Task brief => Below are the records; copy exactly the lines from the first through the one containing "Indian indigenous cow eating grass 138060003", both included, and leave out the pictures.

=== Stored data ===

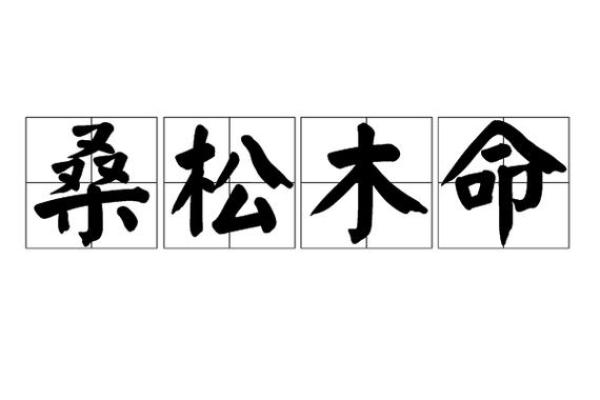 桑松木命：探索其命格特征与生活指引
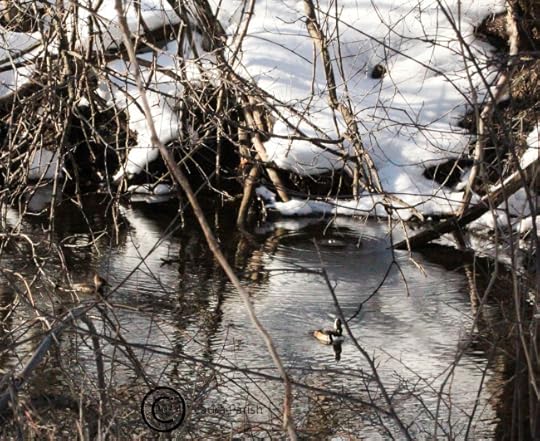 Hooded Merganser face forward2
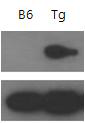 Tg에서의 transgene의 과발현확인
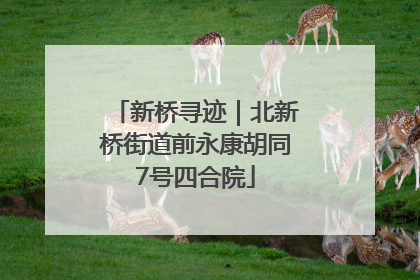 新桥寻迹｜北新桥街道前永康胡同7号四合院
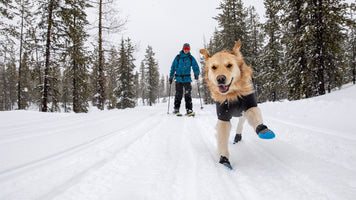 About: The Polar Trex™ Boots Video Thumbnail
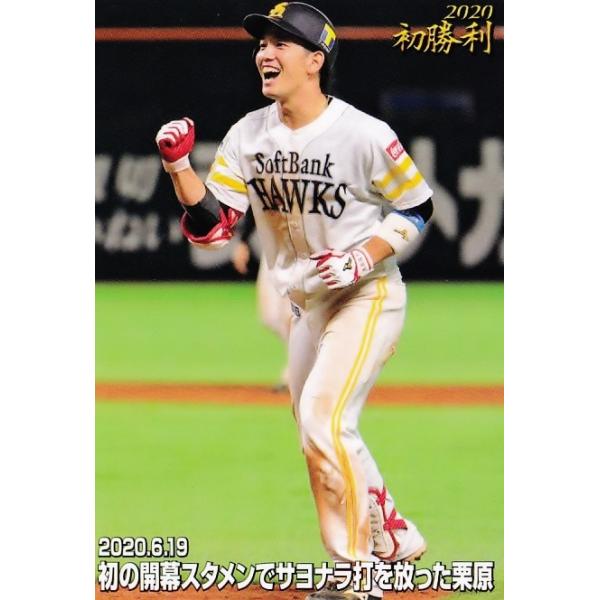 FW-02yI˖/\tgoNz[NXzJr[ 2020v싅`bvX3e M[ [GJ[h]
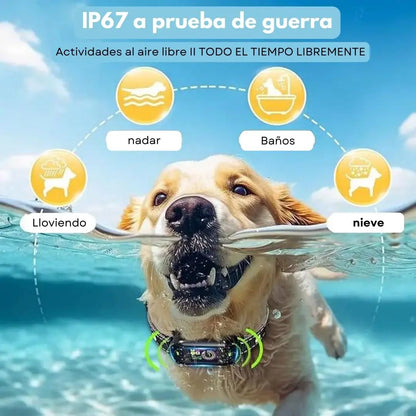 Collar de Adiestramiento Inteligente Anti Ladridos Resistente al Agua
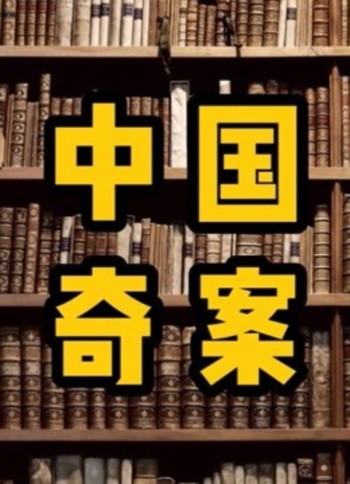 中国大案要案故事,每个故事都是根据真实案件改编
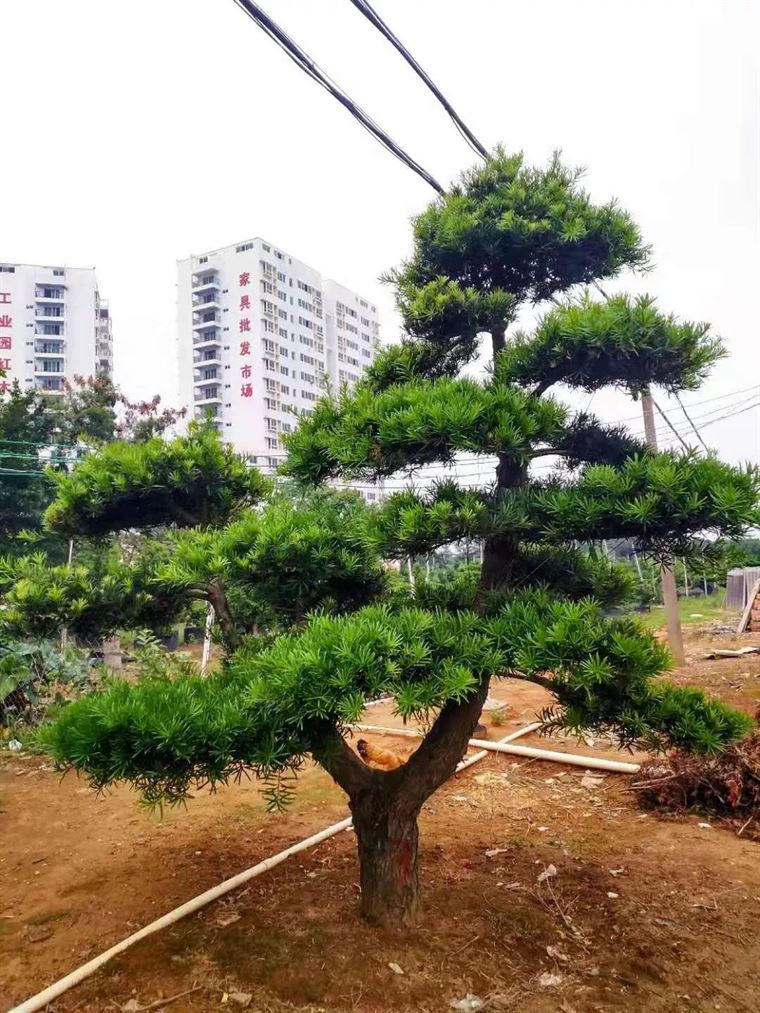 北海罗汉松苗农的致富经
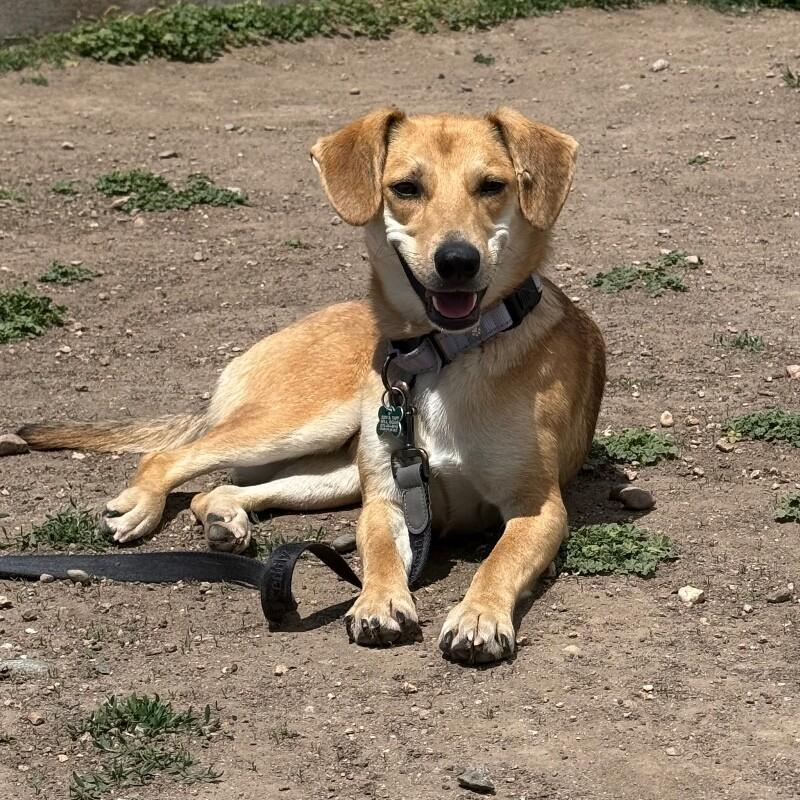 Enlarge Shanni, a Adoptable mixed breed in Westminster, CO image 3/6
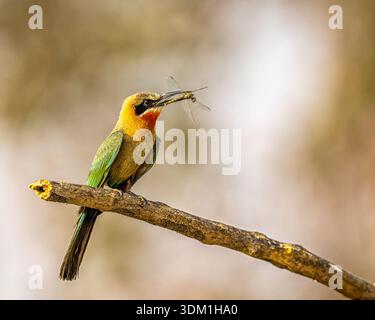 Weißer Bienenfresser mit Libellenfang Stockfoto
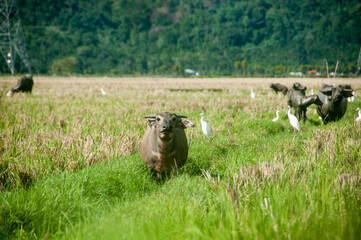 buffalo in the rice field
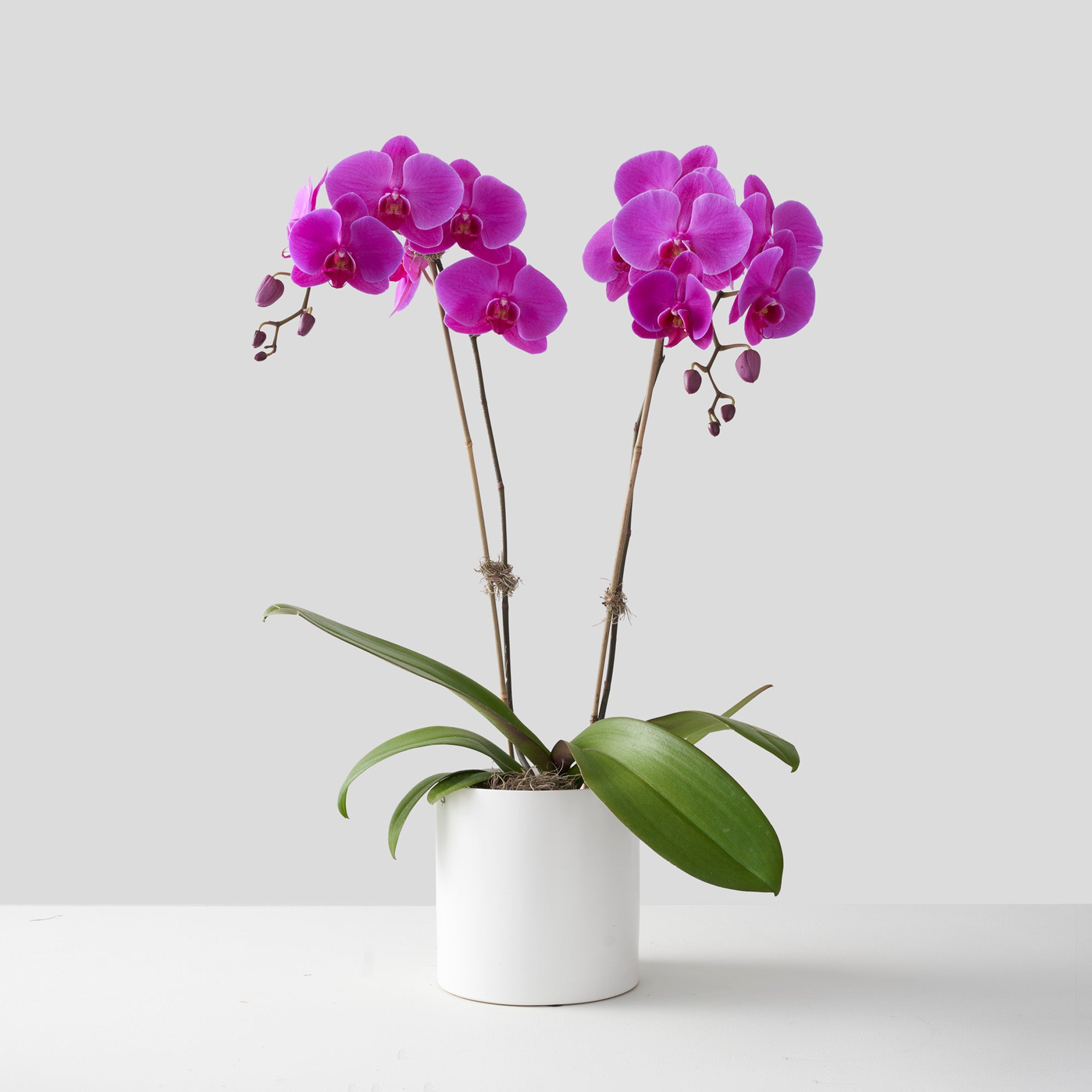 Fuchsia pink phalaenopsis orchid plant with two stems in white ceramic cylinder centered on white background.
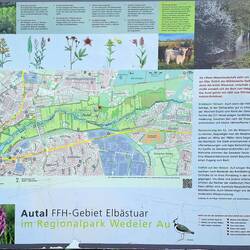 Ästuar = trichterförmige Mündung eines Flusses in das Meer.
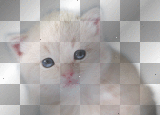 white kitten blue eyes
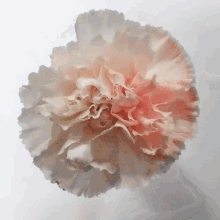 카네이션 어버이날 꽃 분홍 GIF - Carnation Flower Clove Pink GIFs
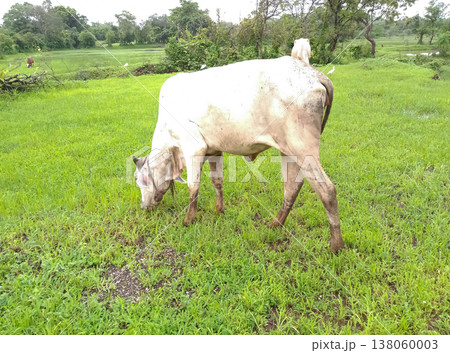 Indian indigenous cow eating grass 138060003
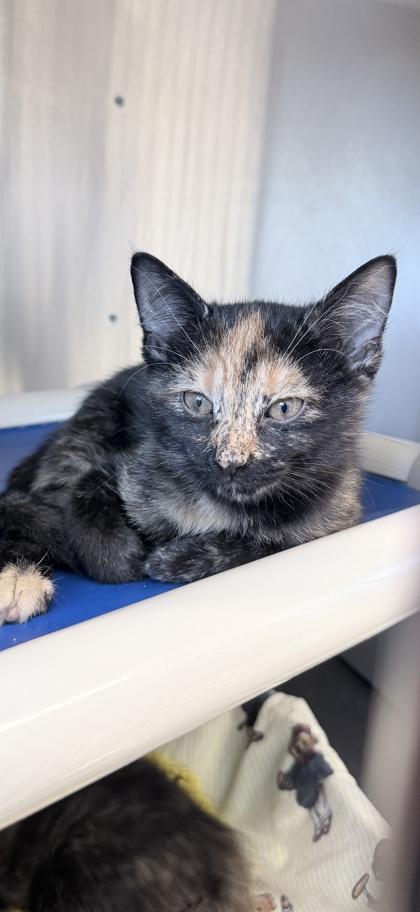 Caramel, Adoptable, Kitten Female Domestic Short Hair & Domestic Short Hair.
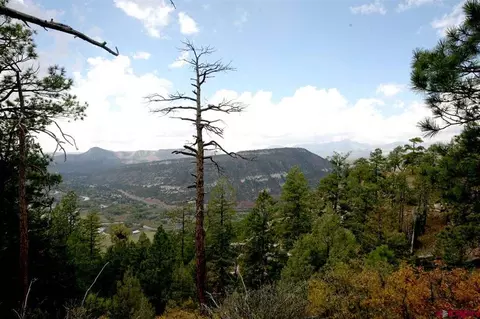 679 Chelsey Ln, Durango, CO 81301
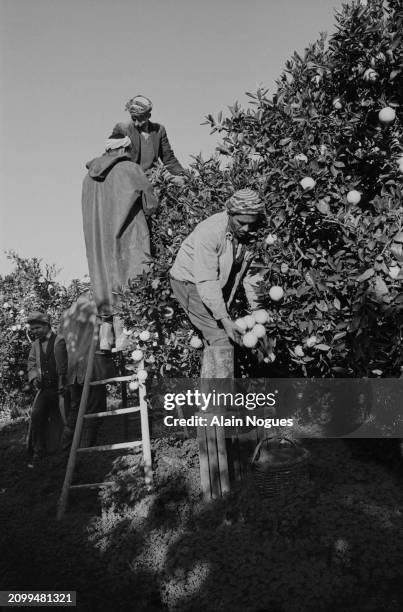 Ouvriers agricoles algériens pendant la récolte des agrumes près de Brida, en Algérie, 1964.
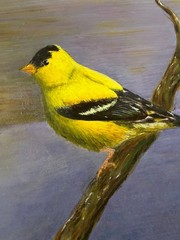 Estate Owned Hobby Artist Acrylic Gold Finch Bird Painting 11×11 on Birch Panel
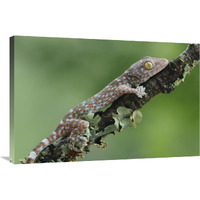 Tokay Gecko juvenile, Uthai Thani, Thailand-Canvas Art-36"x24"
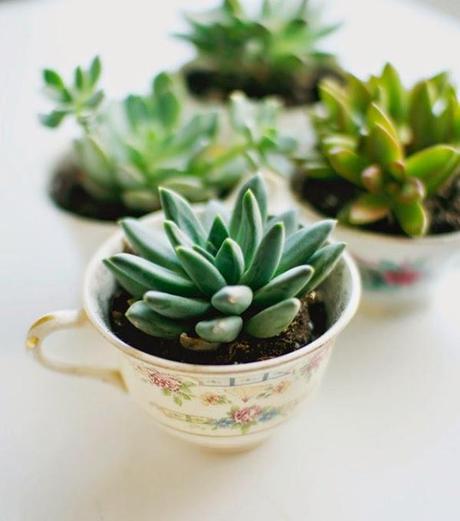 Antes una taza ahora....un sin fin de posibilidades.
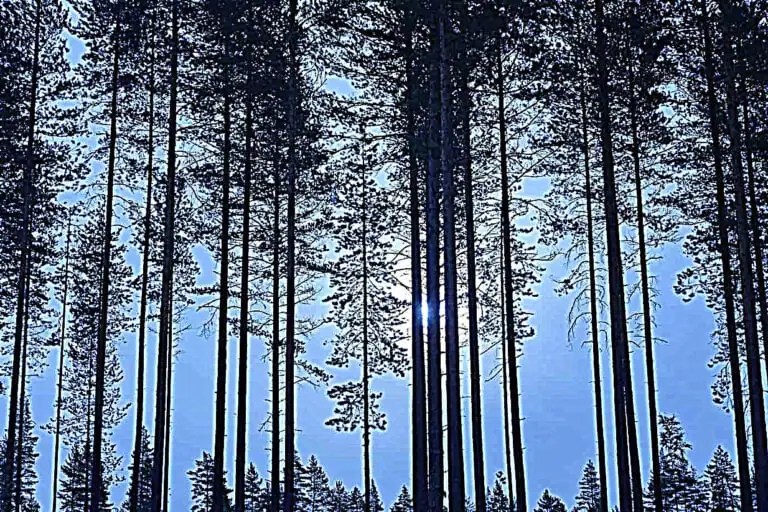 Consumption and environment – The daily blog of behavioral and cognitive economics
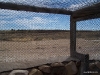 two-guns-arizona-15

===

Written response =>
 桑松木命：探索其命格特征与生活指引
 Hooded Merganser face forward2
 Tg에서의 transgene의 과발현확인
 新桥寻迹｜北新桥街道前永康胡同7号四合院
 About: The Polar Trex™ Boots Video Thumbnail
 FW-02yI˖/\tgoNz[NXzJr[ 2020v싅`bvX3e M[ [GJ[h]
 Collar de Adiestramiento Inteligente Anti Ladridos Resistente al Agua
 中国大案要案故事,每个故事都是根据真实案件改编
 北海罗汉松苗农的致富经
 Enlarge Shanni, a Adoptable mixed breed in Westminster, CO image 3/6
 Weißer Bienenfresser mit Libellenfang Stockfoto
 buffalo in the rice field
 Fuchsia pink phalaenopsis orchid plant with two stems in white ceramic cylinder centered on white background.
 Ästuar = trichterförmige Mündung eines Flusses in das Meer.
 white kitten blue eyes
 카네이션 어버이날 꽃 분홍 GIF - Carnation Flower Clove Pink GIFs
 Indian indigenous cow eating grass 138060003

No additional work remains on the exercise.